1000 grams: the mass of bacteria currently living in your gut. You will defecate your own weight in bacteria every year and play host to some 500 different species in your intestine.

300 million: the number of cells in your skin, your largest organ. The outer layer, the epidermis, is constantly being renewed and replaces itself about once every 75 days. There are an average of 10 hairs, 100 sweat glands and 1 metre of blood vessels in each 3 square centimetres.

20–20,000 hertz: the hearing range of a young adult. This shrinks dramatically to 50 to 8000 hertz in old age. Sounds become painful at about 130 decibels (near a plane taking off), but prolonged exposure to anything above 90 decibels (a tractor engine) will permanently damage hearing.

1 litre: the average amount of sweat lost in a day.

300 million: tiny air sacs or alveoli in each adult lung. If these were spread out, their total surface area could cover a tennis court. The major airways in each lung are tilted at different angles. This means that if you ever inhale a peanut, it will nearly always lodge in your right lung.

2.5 billion: the average number of heartbeats in a lifetime. At rest your heart pumps about 5 litres per minute, during exercise its output can reach 30 litres. Most people’s hearts lie to the left side of the chest, but in people with a condition called situs inversus totalis (1 in 8500) it lies to the right, and the orientation of all their other organs is switched too.

31 million: the neurons you lose from the main part of your cerebral cortex every year – about one per second.

25 billion: the average number of red blood cells in your body (about 5 billion per litre of blood). 25 million (or 1 per cent) of them die every day, which works out at roughly 300,000 a second. A red blood cell can circumnavigate the entire body in less than 20 seconds.
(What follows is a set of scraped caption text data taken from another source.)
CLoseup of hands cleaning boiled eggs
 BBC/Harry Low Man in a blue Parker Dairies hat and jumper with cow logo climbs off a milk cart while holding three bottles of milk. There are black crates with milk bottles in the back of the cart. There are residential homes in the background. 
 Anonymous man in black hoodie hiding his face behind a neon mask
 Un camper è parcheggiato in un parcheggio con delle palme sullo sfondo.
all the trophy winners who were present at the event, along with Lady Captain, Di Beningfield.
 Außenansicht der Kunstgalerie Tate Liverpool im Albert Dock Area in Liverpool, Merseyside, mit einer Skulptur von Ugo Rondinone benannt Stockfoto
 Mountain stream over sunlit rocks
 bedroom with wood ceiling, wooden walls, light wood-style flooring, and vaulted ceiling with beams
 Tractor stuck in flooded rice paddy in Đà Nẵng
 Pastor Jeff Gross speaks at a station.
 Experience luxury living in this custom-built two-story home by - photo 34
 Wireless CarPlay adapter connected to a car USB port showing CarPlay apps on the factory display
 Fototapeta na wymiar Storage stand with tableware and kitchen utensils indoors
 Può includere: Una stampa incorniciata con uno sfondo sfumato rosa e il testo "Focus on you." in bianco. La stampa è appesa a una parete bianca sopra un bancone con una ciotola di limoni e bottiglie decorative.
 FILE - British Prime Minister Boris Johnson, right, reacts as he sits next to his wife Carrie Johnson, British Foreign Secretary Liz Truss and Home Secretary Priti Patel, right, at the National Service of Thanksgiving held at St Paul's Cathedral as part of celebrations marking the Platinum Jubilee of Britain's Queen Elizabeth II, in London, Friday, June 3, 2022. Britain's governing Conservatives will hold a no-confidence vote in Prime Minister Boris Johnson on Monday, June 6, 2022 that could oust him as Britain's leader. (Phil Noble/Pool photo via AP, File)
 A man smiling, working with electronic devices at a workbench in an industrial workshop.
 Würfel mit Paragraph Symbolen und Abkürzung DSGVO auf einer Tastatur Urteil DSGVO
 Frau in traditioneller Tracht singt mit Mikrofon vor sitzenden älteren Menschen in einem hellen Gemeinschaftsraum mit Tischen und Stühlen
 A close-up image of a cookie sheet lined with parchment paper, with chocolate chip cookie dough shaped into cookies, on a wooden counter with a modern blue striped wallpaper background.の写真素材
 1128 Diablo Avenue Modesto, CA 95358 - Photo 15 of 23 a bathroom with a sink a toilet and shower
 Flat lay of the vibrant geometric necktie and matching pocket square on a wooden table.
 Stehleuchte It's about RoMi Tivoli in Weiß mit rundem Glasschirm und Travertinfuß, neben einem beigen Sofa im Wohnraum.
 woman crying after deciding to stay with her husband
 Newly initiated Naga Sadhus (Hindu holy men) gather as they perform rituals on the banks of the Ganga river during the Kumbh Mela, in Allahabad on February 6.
100 million: the number of bacteria per square centimetre of a sweaty armpit by the end of the day.

1015 the estimated number of synapses linking the 100 billion or so neurons in your brain. There are about 200 million neurons more in the left side of the brain than the right.

70 per cent: thanks to the liver’s amazing powers of regeneration, it can lose this much tissue and still grow back to its original size in a few months. The liver is the largest gland in the body, producing about half a litre of bile per day. It weighs some 1.8 kilograms in men and 1.3 kilograms in women. It holds about 13 per cent of the total blood supply at any given moment. Each liver cell (hepatocyte) has an average lifespan of 150 days.

206 the number of bones in the human body – more than half of them in the hands and feet. The knee is the most complex joint of the human body and also the most easily injured.